Riding on the choo-choo train that took us to the southern part of Tehran for a day of outing in the country was exciting. I was five years old and loved the open air carts, wooden seats, and the smoke from the train engine, not to mention the sound of the long whistle. But the most enjoyable part of the trip was the papier-mâché doll my parents bought me at the train station. It was the first doll I owned, but it didn’t last long and after a couple of days it fell apart.
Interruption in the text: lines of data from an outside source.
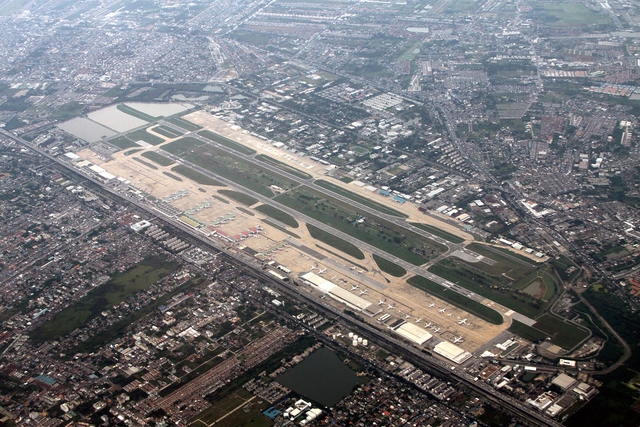 Những sân bay trên thế giới chuyển bay quốc tế đi rồi lại phải... đón về - Ảnh 3.
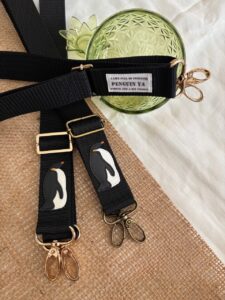 ショルダーストラップ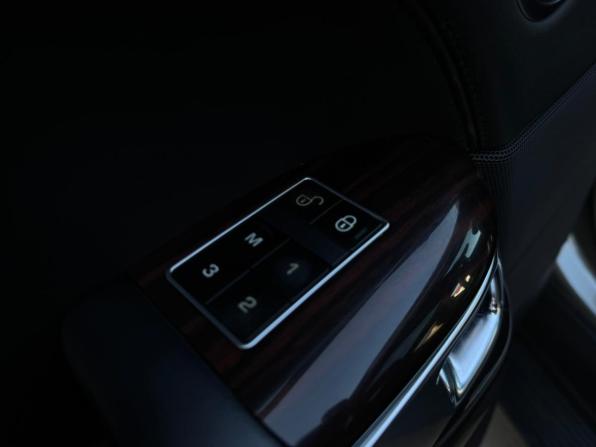 Land Rover Range Rover IV с пробегом 2014 года, цена 3 895 000 рублей, 148637 км, внедорожник, Автокод Объявления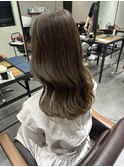 オリーブベージュ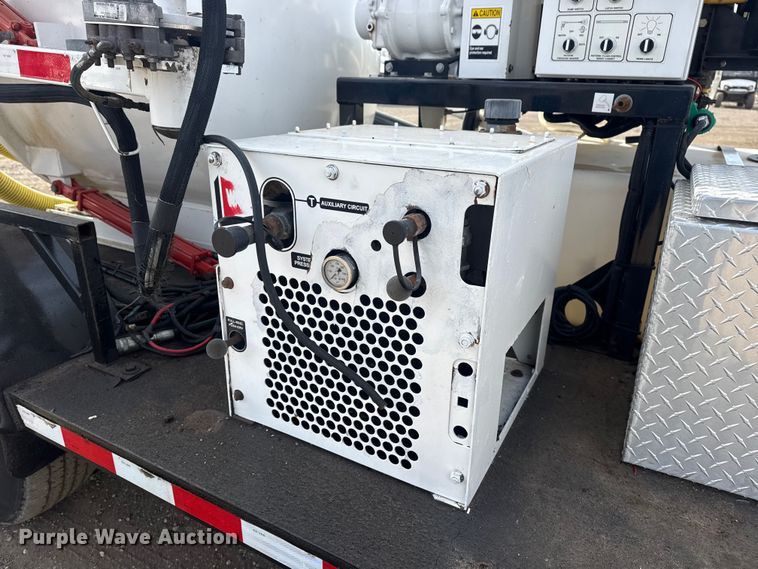 image for item EG2120 2013 EH Wachs 77-000 vacuum excavator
When I was six and in first grade, Uncle Jafar promised to buy me a pretty doll if I ranked at the top of my class. The year ended and I brought home my report card. All As and I was ranked at the top of my class. But there was no sign of a doll anywhere in the house. The disappointment was unbearable, so I confronted Uncle Jafar.
“Where is my doll?” I demanded.
He didn’t like my attitude and tone of voice. But I felt entitled – I had brought home an excellent report card and wanted the promised doll.
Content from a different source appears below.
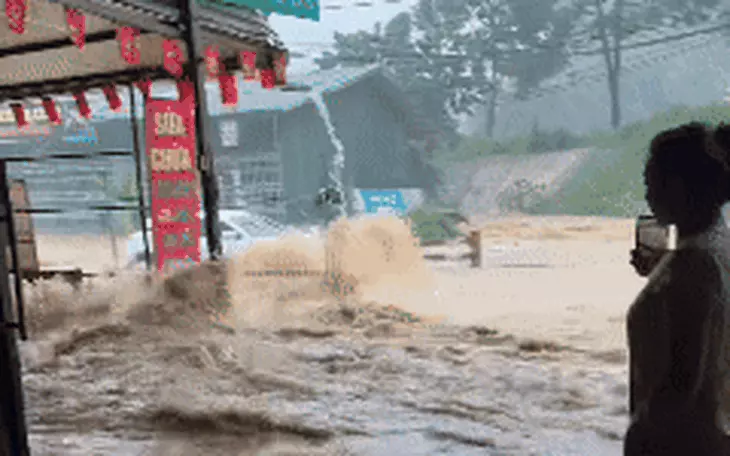 Cảnh sát ngâm mình trong dòng nước ngập sâu đưa người dân ra khỏi vùng ngập sâu - Ảnh 10.
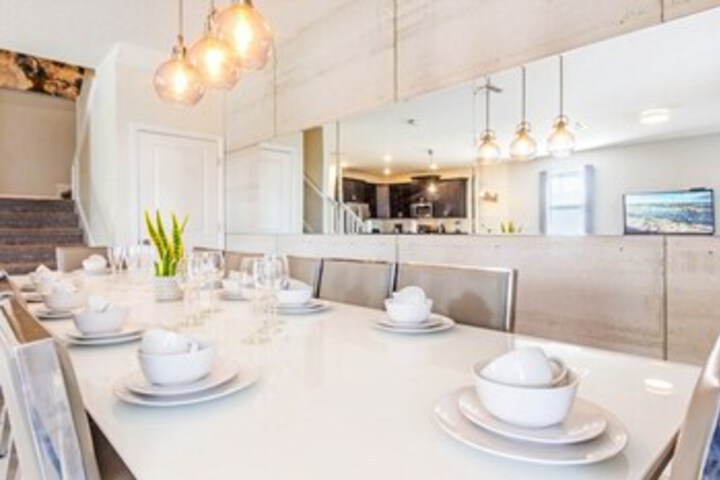 Dining 187 of 216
Uncle Jafar raised his eyebrows, and then frowned, his thick brows knotting together. “Maybe later,” he said.
I wanted my doll right at that moment, so I made a pest of myself by repeating my demand over and over again. Uncle Jafar was irritated, my mother felt utterly embarrassed, and my father boiled with anger. But I kept whining and bugging Uncle Jafar - and then threw my customary tantrum! It was perfectly logical to demand the prize I was promised.
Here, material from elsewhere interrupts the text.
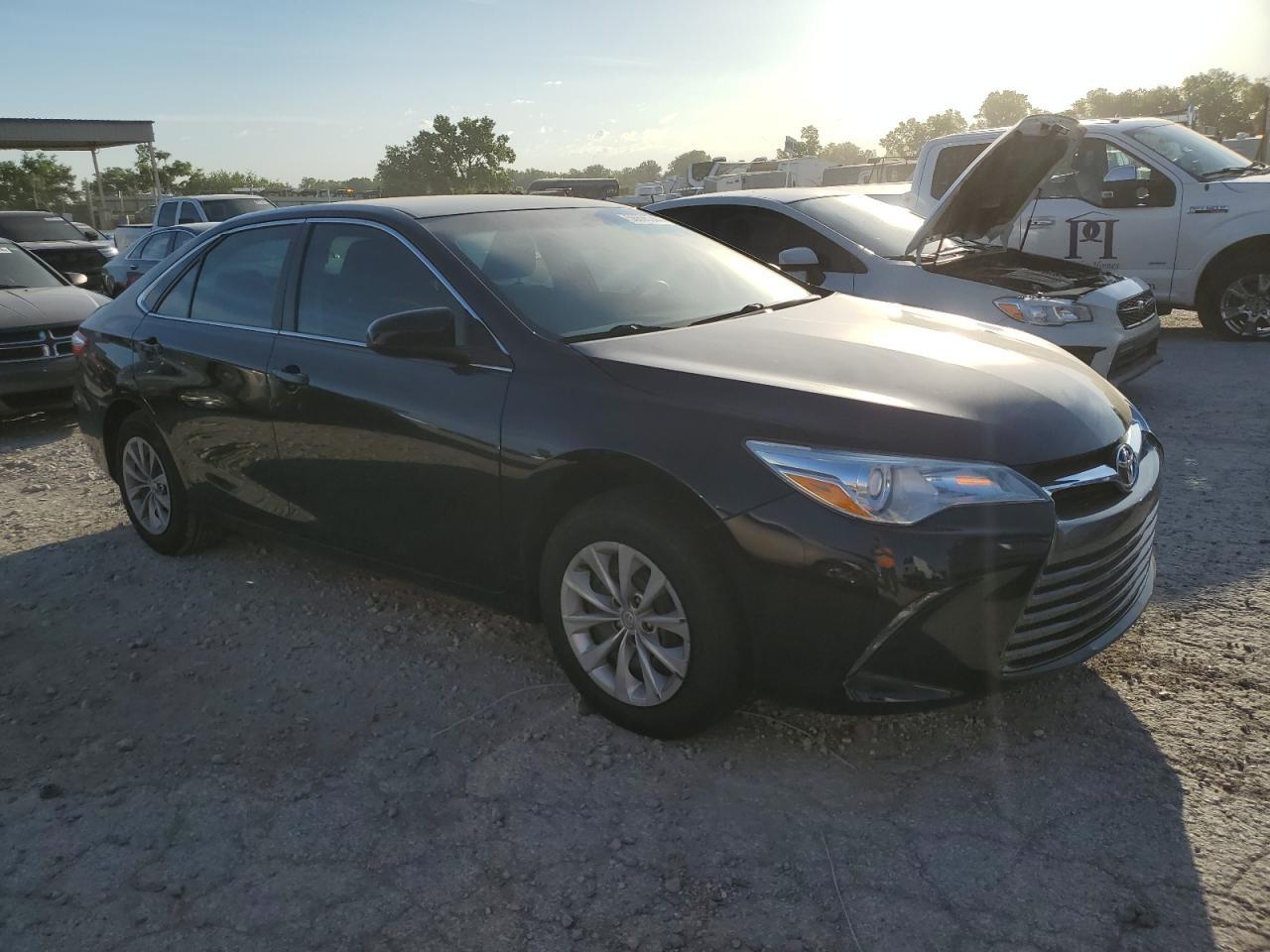 2017 TOYOTA CAMRY LE - Фото 4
Uncle Jafar had an appointment. He gave me a nasty sideway glance. Without saying a word he headed toward the front door and out into the street. My little brain dictated I was entitled to collect my prize because I had kept my part of the bargain. Why wasn’t he willing to drop everything and get me the promised doll?
I followed him outside, sobbing and screaming. At this point my parents’ patience wore out completely. I was yanked into the house and given a good spanking. Surely, there was no justice in this world
. Why was I being punished for doing well in school and getting good grades? I didn’t understand grownup logic and behavior.
Three days passed. Then Uncle Jafar handed me a pretty little doll with golden hair and blue eyes that opened and closed when I tilted its head. The joy of getting a doll was mitigated by the agony of my previous punishment. I simply and quietly said “Thank you!”
When I was in third grade, Aunt Mary, Uncle Razmi’s wife, announced she was making me a doll. Wow, a hand-made doll! What a treat. It was Persian New Year and adults were supposed to give children presents. Aunt Mary didn’t have anything for me, but she was making me a doll. It wasn’t finished yet. I could wait.
Two months passed by and there was no sign of the doll. I was playing with Aunt Mary’s niece one afternoon. I mustered enough courage to ask her to check and see if the doll was finished yet. She came back and reported the doll was almost finished and that Aunt Mary was planning to hand it to me herself along with some cash, as a present.
A year went by and still there was no sign of the doll. By then I was older and suddenly wiser to realize not all grownup promises will be kept.